> Recorded information:
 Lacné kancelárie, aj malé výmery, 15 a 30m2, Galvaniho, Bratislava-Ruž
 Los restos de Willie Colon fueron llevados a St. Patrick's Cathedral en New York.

==

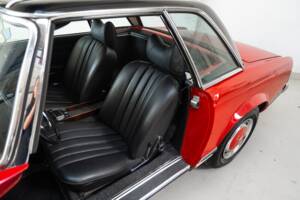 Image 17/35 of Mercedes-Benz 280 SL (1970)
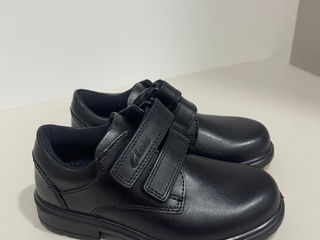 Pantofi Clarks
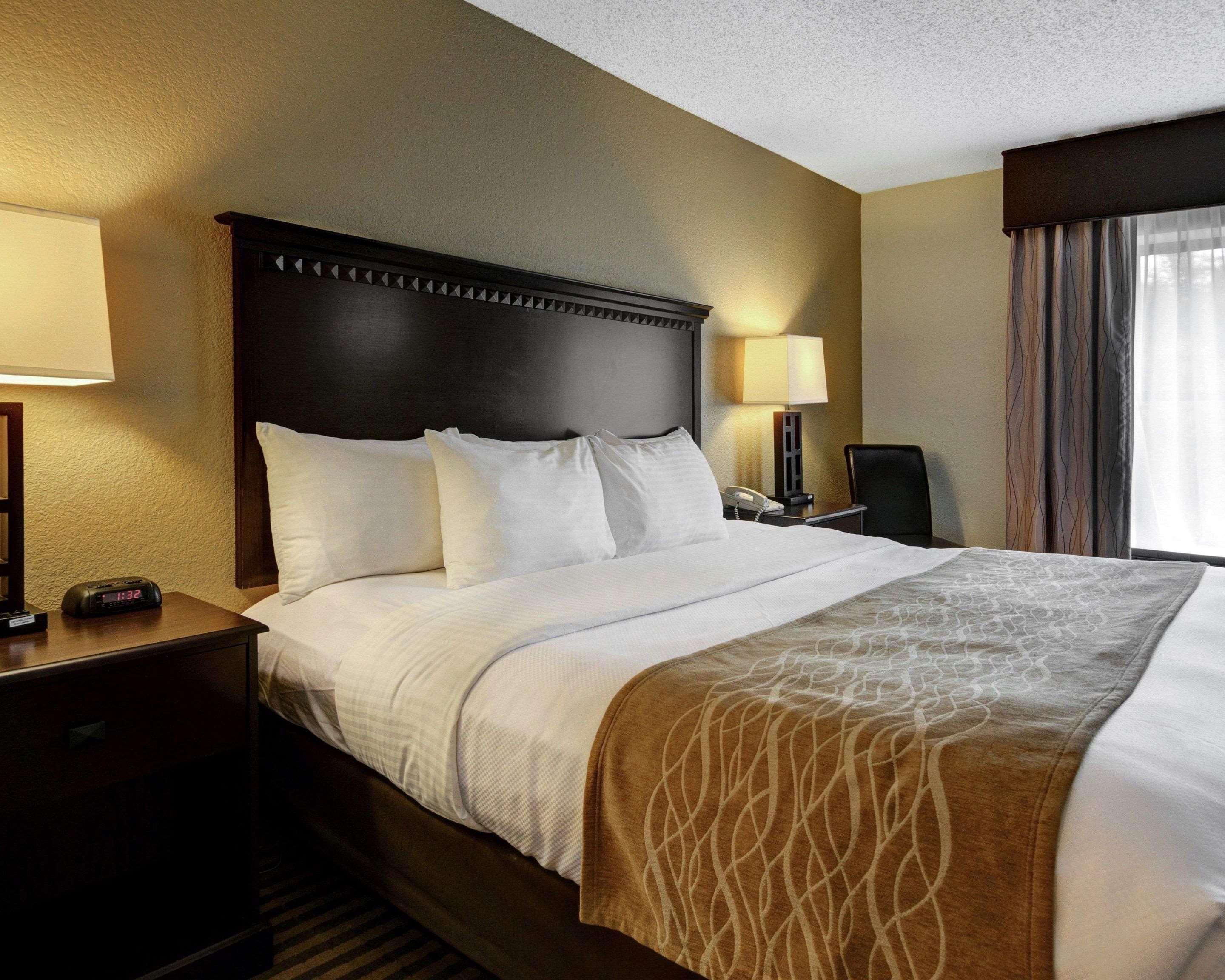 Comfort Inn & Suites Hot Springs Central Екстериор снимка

> Try it: Output the lines above exactly, but only those between the line holding "Lacné kancelárie, aj" and the line holding "Los restos de", inclusive.

> Solution to this exercise:
 Lacné kancelárie, aj malé výmery, 15 a 30m2, Galvaniho, Bratislava-Ruž
 Los restos de Willie Colon fueron llevados a St. Patrick's Cathedral en New York.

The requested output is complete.